EXERCISE GOAL: Every record that follows should be copied exactly. No picture belongs in the copy.

DATA FOR PROCESSING:
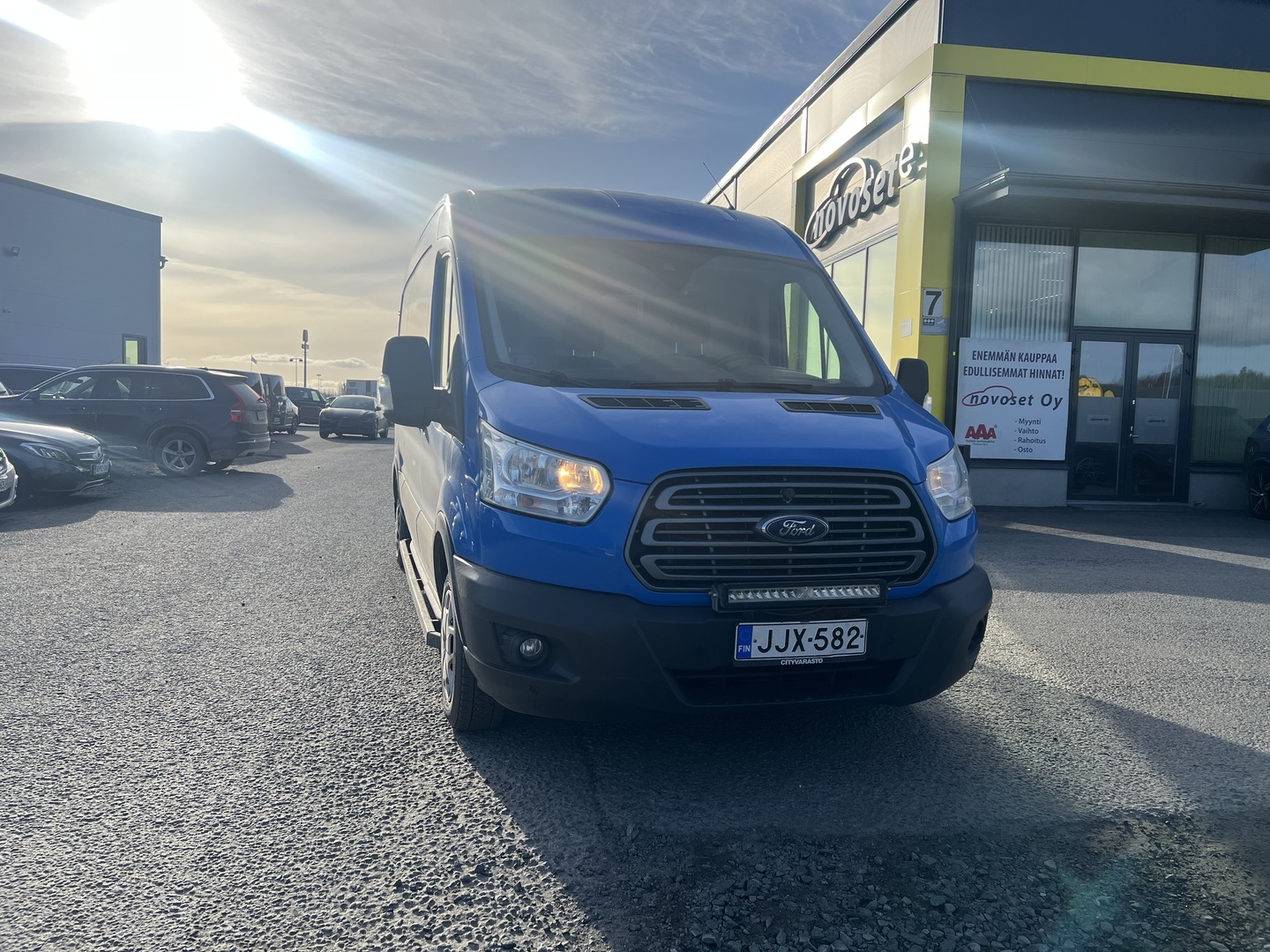 FORD Transit 2016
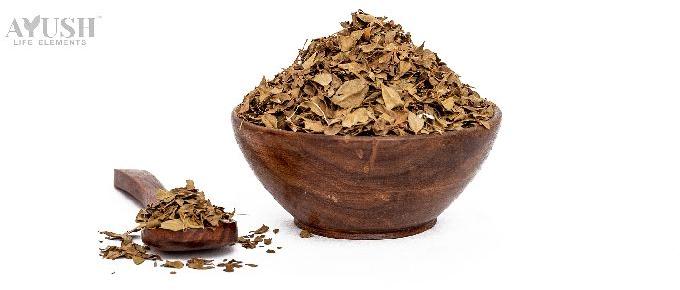 Dried Henna Natural Leaves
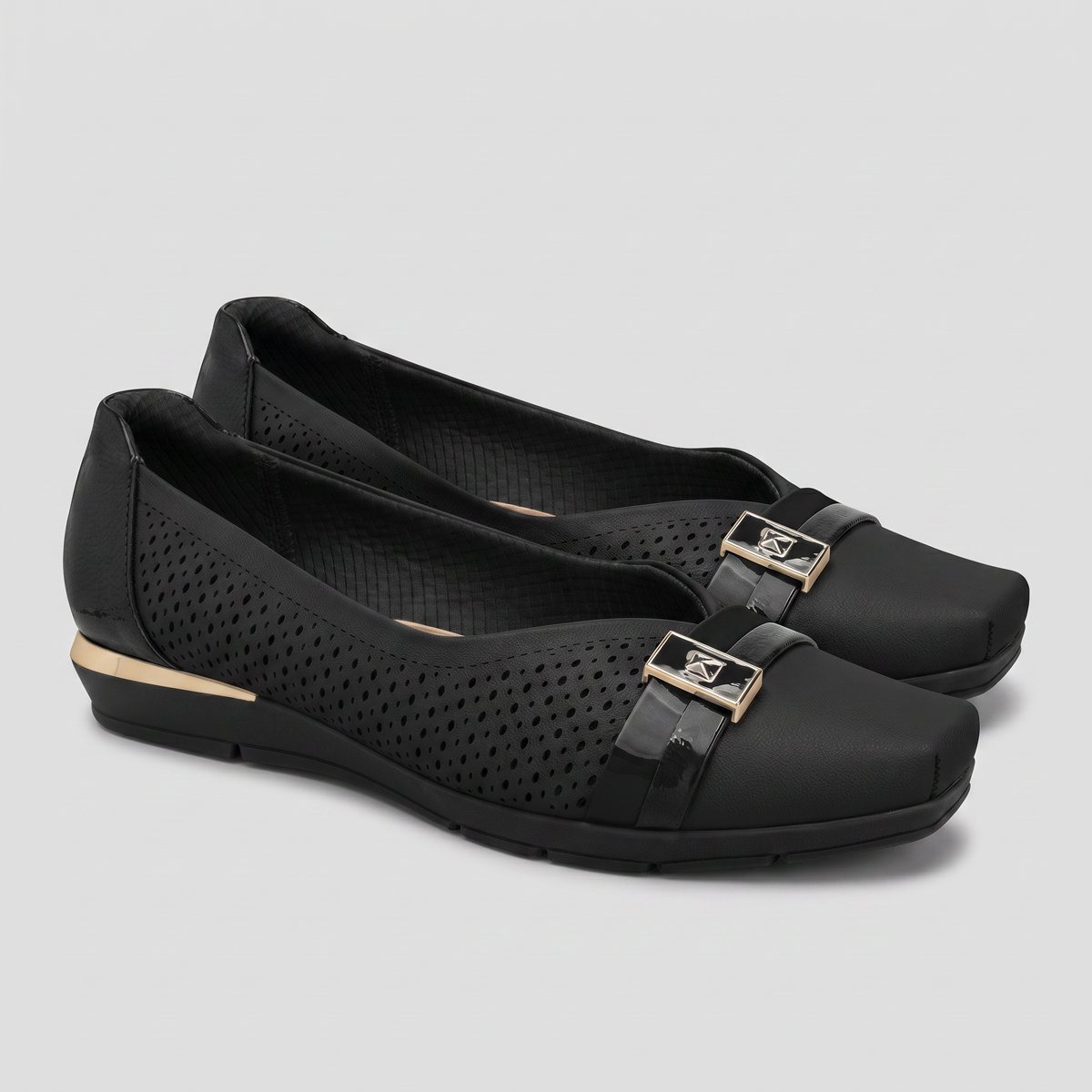Zapato Mujer Negro Fernanda 63 Piccadilly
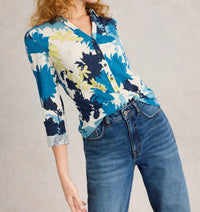 White Stuff - Annie Jersey Shirt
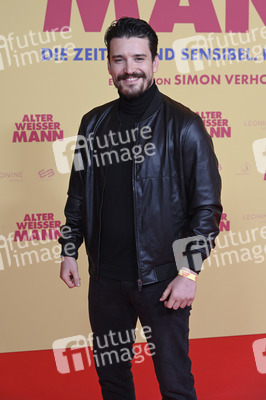Filmpremiere 'Alter weißer Mann' in München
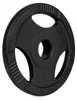 Disco olimpico VirtuFit in ghisa da 2,5 kg e 50 mm Anteprima dell’immagine prodotto 1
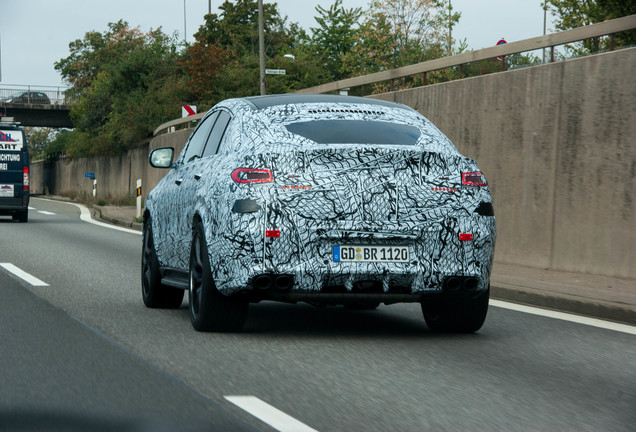 Mercedes-AMG GLE 53 Coupé C292 2020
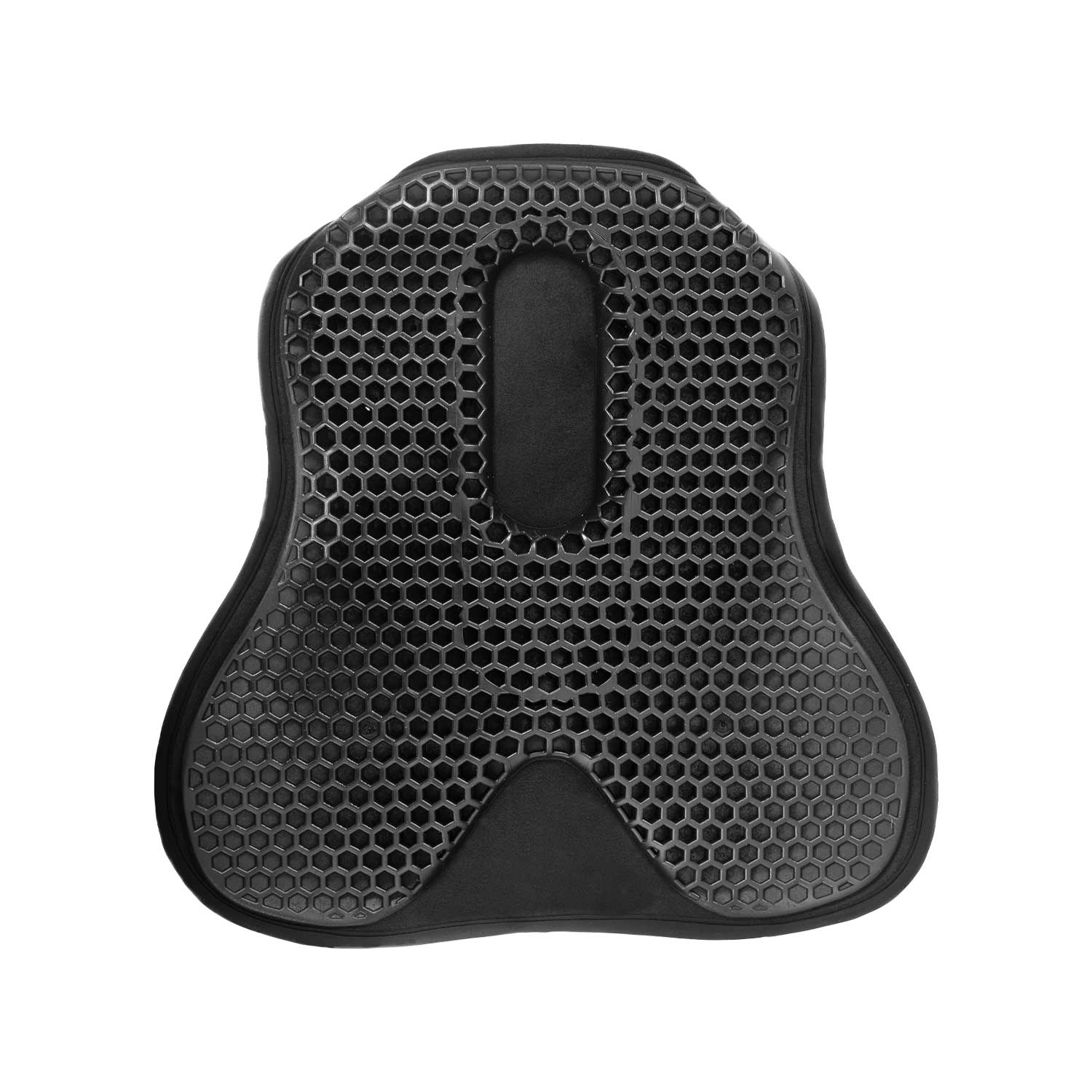 Acavallo Ortho-Coccyx Seat Saver Jumping Hexagonal Gel-Out Dri-Lex 20mm - Image 9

ANSWER BOX:
 FORD Transit 2016
 Dried Henna Natural Leaves
Zapato Mujer Negro Fernanda 63 Piccadilly
 White Stuff - Annie Jersey Shirt
Filmpremiere 'Alter weißer Mann' in München
 Disco olimpico VirtuFit in ghisa da 2,5 kg e 50 mm Anteprima dell’immagine prodotto 1
 Mercedes-AMG GLE 53 Coupé C292 2020
 Acavallo Ortho-Coccyx Seat Saver Jumping Hexagonal Gel-Out Dri-Lex 20mm - Image 9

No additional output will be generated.